Gabrielli afirma que as políticas neoliberais lideradas pelo ministro da Economia, Paulo Guedes, agravam os prejuízos com a crise internacional, já que enfraquecem o poder de reação interna do Estado contra movimentações que chegam de fora. De acordo com o economista, as consequências só seriam aliviadas se o governo retomasse a produção nas refinarias – o que, ao menos no discurso do governo, está longe de acontecer.

Ainda conforme o ex-presidente da Petrobras, existe a possibilidade de os preços baixarem para o consumidor de combustíveis, por exemplo. No entanto, a variação dos valores também  é dependente do mercado internacional, neste momento.

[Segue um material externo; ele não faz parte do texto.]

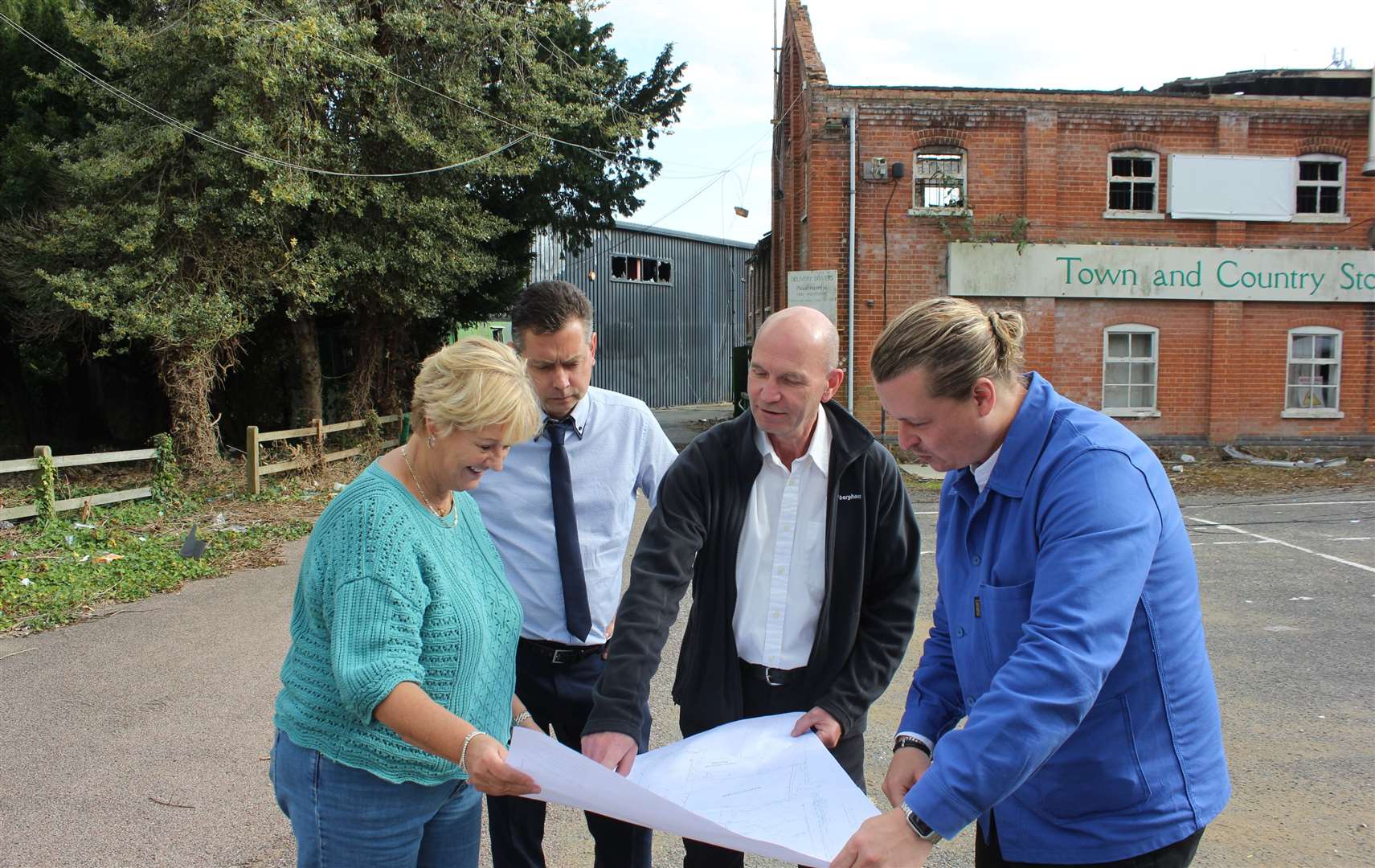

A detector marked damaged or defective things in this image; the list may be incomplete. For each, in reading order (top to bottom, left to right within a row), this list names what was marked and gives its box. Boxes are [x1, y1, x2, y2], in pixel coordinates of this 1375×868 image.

Em entrevista ao Brasil de Fato, Gabrielli explicou as consequências da crise e por que o Brasil vai senti-la mais do que deveria.

Brasil de Fato: O que é exatamente a guerra de preços entre Rússia e Arábia Saudita? Em que contexto surgiu?

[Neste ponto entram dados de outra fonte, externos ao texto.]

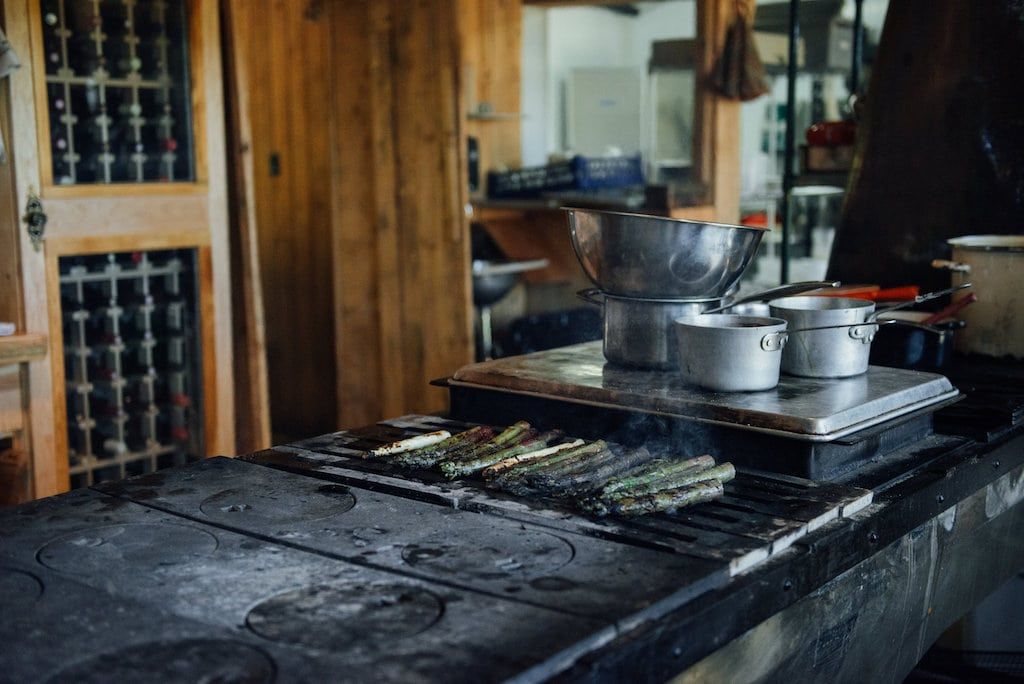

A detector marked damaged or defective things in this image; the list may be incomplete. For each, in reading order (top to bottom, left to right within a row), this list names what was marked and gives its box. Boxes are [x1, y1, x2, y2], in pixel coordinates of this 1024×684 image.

José Sergio Gabrielli: Houve uma avaliação, por parte do governo da Rússia, de que entre aprofundar as relações com a Arábia Saudita – que vinha em um acordo, desde 2015, segurando o preço do petróleo – e dar um ataque à produção norte-americana, eles resolveram romper com a Arábia Saudita e atacar os Estados Unidos.

Isso é uma resposta geopolítica, ao meu ver, fruto dos avanços das sanções americanas contra os russos, que, entre outras coisas, afetou os interesses da Rosneft [companhia russa de petróleo, uma das maiores do mundo], que está construindo um gasoduto ligando a Rússia à Europa.

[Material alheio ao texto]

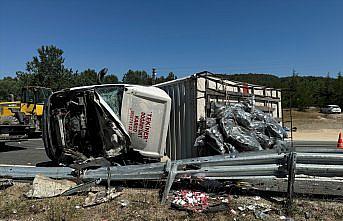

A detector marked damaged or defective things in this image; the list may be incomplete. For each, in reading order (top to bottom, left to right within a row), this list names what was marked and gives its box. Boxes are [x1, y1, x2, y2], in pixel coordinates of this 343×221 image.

overturned truck [43, 84, 172, 164]
shattered windshield [95, 85, 125, 116]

O segundo ponto refere-se à Arábia Saudita. A Arábia Saudita tem condições de aumentar a produção e suporta preços mais baixos. Iniciou um movimento de queda dos preços, que derrubou o preço do petróleo em 2014. Naquela época, o que eles queriam também era tirar os Estados Unidos dessa posição de grande produtor de petróleo mundial.

Só que eles pensavam que a resposta americana seria mais rápida, que os Estados Unidos iam reduzir a produção mais rapidamente. Como não foi possível acontecer isso, a Arábia Saudita se aliou à Rússia, em 2015, e elevaram de novo os preços do petróleo.

Os Estados Unidos, de 2008 para cá, saíram de uma situação de importador de petróleo para se tornar o segundo maior produtor de petróleo do mundo. Isso se deu em função de uma intensa utilização de uma técnica chamada fracking [faturamento hidráulico], que permitiu enorme aumento da produção.

É um setor onde predominam empresas médias. Essa indústria só foi possível de prosperar, além das condições de superfície dos Estados Unidos, porque as taxas de juros americanas estavam muito baixas e havia uma liquidez muito grande no mercado internacional de capitais. Então, essas empresas são altamente endividadas.

Com a ação da Rússia, que desmontou o acordo com a Opep [Organização dos Países Exportadores de Petróleo], os preços desabaram. Na medida em que os preços desabaram, como as empresas americanas médias são endividadas, o risco aumentou enormemente, porque o mercado financeiro é o credor dessas empresas e o risco dessas empresas não pagarem aumentou.

Consequentemente, você tem um rebatimento da crise do petróleo no mercado financeiro.